Annotation of the polymorphic Pst gene set
The genomic location of each of the 242 polymorphic Pst genes was identified by mapping these gene sequences to the Pst-104 genome  using minimap2 version 2.15  with parameters recommended in the manual for pairwise genome alignment (minimap -ax asm10). Locations were processed into BED format using bedtools version 2.27.0  and analysed and plotted using R. GO term analysis of the 242 genes was conducted using BLAST2GO version 5.2 .

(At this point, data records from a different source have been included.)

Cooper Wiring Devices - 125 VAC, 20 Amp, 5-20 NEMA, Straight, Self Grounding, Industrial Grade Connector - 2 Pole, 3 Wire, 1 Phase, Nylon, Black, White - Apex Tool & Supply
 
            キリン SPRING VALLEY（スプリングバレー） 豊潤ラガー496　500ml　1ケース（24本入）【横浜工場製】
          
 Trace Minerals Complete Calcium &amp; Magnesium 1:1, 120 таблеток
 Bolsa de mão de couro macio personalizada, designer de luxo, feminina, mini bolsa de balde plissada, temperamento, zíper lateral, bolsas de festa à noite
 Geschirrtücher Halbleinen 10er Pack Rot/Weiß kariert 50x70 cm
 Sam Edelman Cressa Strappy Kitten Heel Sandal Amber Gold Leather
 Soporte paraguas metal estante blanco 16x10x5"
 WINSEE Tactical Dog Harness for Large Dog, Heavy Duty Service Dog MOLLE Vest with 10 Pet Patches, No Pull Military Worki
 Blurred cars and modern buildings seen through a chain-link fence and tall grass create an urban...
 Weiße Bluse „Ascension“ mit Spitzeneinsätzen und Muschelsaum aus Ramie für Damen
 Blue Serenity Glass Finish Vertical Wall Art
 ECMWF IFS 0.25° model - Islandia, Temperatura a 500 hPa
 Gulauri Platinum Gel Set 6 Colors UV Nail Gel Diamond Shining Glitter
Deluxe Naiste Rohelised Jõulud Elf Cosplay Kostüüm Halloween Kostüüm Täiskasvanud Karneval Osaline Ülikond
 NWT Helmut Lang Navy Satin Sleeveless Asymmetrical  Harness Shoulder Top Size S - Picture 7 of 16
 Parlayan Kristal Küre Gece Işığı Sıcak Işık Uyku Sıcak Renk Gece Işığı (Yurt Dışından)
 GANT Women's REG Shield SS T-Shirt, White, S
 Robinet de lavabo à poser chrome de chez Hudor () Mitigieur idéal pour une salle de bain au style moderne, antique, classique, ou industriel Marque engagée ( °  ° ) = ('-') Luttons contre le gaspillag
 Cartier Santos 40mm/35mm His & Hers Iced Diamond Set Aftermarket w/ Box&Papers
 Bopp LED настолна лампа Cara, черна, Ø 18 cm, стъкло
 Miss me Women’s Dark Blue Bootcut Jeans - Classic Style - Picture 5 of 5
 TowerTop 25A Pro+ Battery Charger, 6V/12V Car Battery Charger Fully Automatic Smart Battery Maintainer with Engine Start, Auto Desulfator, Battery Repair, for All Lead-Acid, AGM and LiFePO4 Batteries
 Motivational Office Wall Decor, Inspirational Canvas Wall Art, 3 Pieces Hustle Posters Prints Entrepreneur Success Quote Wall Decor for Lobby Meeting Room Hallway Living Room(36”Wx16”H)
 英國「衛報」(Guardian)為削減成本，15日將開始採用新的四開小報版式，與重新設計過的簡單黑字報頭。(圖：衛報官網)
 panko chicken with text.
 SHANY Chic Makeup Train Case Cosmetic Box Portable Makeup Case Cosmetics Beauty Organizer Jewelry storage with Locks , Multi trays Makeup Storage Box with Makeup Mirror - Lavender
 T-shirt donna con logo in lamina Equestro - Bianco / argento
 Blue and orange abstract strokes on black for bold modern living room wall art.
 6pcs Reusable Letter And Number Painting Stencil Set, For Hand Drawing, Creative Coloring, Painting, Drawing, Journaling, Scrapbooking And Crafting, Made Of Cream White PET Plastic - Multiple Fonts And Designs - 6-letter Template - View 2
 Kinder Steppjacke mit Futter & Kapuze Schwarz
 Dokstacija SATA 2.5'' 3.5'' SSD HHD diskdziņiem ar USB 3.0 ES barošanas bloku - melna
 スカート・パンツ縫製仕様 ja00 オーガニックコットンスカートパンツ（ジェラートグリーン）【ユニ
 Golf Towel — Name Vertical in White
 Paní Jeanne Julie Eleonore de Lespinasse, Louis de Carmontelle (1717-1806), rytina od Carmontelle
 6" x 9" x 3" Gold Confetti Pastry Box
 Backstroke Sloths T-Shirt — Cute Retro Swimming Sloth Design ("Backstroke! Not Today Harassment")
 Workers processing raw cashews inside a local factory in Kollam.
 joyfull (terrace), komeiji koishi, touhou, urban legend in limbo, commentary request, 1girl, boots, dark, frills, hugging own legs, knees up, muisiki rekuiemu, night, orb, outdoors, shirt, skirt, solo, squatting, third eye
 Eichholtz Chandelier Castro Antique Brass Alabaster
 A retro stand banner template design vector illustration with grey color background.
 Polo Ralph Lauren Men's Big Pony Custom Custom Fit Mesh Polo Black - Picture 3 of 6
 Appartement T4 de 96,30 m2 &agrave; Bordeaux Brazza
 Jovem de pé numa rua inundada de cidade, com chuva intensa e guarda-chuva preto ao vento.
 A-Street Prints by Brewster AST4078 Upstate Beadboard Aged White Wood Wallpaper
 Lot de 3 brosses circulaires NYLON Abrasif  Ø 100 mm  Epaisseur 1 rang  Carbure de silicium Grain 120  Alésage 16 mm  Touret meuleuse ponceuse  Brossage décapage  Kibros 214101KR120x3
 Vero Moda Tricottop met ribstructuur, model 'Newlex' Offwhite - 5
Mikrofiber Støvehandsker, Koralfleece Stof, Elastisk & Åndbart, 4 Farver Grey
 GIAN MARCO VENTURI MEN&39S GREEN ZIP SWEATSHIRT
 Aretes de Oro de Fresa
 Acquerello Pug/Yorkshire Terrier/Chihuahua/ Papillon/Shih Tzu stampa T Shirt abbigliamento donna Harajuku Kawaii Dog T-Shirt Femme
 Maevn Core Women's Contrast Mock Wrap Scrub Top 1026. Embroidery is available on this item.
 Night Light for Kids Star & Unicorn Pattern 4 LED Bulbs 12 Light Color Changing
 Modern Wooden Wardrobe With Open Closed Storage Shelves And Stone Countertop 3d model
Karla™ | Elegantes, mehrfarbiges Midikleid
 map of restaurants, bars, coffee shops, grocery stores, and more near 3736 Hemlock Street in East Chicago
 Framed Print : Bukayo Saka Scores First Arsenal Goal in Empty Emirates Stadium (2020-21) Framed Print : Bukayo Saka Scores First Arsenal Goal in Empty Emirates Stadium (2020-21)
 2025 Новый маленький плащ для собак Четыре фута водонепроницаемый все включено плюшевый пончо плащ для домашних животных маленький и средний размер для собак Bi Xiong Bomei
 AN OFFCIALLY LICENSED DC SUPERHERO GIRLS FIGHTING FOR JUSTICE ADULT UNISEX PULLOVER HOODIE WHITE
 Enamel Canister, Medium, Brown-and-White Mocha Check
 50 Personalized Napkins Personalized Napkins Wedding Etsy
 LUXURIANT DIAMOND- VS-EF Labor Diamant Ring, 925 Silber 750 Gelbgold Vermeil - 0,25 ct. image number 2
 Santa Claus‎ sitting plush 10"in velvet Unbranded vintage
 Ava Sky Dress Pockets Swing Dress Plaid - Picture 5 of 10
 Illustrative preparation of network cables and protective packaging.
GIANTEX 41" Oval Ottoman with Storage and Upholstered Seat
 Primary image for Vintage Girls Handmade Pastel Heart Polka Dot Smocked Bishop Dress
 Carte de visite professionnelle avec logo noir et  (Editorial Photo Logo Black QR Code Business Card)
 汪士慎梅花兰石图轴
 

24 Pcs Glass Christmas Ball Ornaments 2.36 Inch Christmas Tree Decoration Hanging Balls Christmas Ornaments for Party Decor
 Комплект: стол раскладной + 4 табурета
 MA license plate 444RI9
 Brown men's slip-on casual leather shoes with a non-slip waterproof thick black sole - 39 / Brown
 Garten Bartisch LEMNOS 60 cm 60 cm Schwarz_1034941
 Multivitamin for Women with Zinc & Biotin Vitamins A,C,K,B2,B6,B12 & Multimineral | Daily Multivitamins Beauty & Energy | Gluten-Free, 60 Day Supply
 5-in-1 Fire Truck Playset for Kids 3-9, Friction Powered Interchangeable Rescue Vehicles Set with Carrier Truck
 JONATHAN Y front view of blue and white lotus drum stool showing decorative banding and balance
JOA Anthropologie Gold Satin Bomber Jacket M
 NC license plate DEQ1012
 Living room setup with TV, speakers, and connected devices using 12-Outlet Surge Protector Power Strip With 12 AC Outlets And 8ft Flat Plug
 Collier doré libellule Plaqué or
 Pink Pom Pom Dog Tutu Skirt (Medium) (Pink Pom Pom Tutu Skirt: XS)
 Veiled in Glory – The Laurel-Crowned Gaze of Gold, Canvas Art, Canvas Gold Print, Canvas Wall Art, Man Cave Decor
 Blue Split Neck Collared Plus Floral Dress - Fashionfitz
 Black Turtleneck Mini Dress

DNA extraction and amplification of Pst genes
Pst-infected wheat leaf samples were collected from the field and stored in RNAlater®. These samples consisted of a single lesion or rust pustule. Excess RNAlater® was removed, and ~ 10–20 mg of tissue was used for each DNA extraction. DNA was extracted using a DNeasy 96 Plant Kit (Qiagen, Manchester, UK) following the manufacturer’s instructions and eluted twice through the column in a total of 30 μl elution buffer. The DNA extracted was used for amplifying the 242 variable Pst genes via PCR with four pools containing oligonucleotides (primers) with different concentrations optimised for multiplex PCR (Additional file 1: Table S4) using Q5® Hot Start High-Fidelity 2X Master Mix (New England Biolabs, MA, USA). PCR conditions used were 98 °C for 30 s, 40 cycles of 98 °C for 10 s, 63 °C for 30 s and 72 °C for 2 min 30 s, and a final extension of 72 °C for 2 min. PCR products were purified using a QIAquick PCR Purification Kit (Qiagen, Manchester, UK) following the manufacturer’s instructions and eluted twice through the column in a total of 30 μl elution buffer. The concentration of purified PCR products from each primer pool was measured using a Qubit dsDNA HS Assay Kit (Invitrogen, MA, USA) following the manufacturer’s instructions.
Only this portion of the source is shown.